魔法:【ヒール】 【キュア】 【ファイア】 【ウオーターボール】 【ウインドカッター】 【サンダー】 【アーススピア】 【隠密】 【浄化】 【フライ】


特殊能力:【アイテムボックス】 【状態異常耐性】 【鑑定】 


固有能力:【魔力の泉】


______________________________________


恐らく、人間の中ではかなり優秀なのだろう。


どの数値も、それなりのものを示してはいる。


魔法も一通りのものが揃っているし、固有能力まで持っている。


魔族と違って限界値が存在しないから、今後更に強くなる可能性もある。


「・・もしかして、私を【鑑定】してるの?」


無言で彼女を眺める俺にそう感じたのか、怒りではなく、興味深い視線でそう聴いてくる。


「済みません。

あまりにお綺麗でしたのでつい・・」


魔界では当たり前の行為でも、この世界では眉を顰められるものであるのは、本で読んだから既に知っている。

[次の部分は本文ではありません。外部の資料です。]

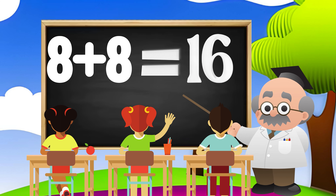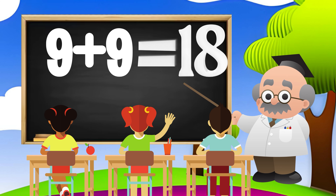8 plus 8 equals 16, 9 plus 9 equals 18, 10 plus 10 equals 20.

自分の魔力の方が高ければ、相手に読まれることはない訳だから、強者としては当然の権利でも、下から見れば屈辱に感じるのは確かだろう。


「ふ~ん。

やっぱりね。

ねえ、今時間ある?

少し外で話さない?」


ここ暫く、自分とは無縁だった笑顔を向けられて、俺は条件反射で頷いてしまった。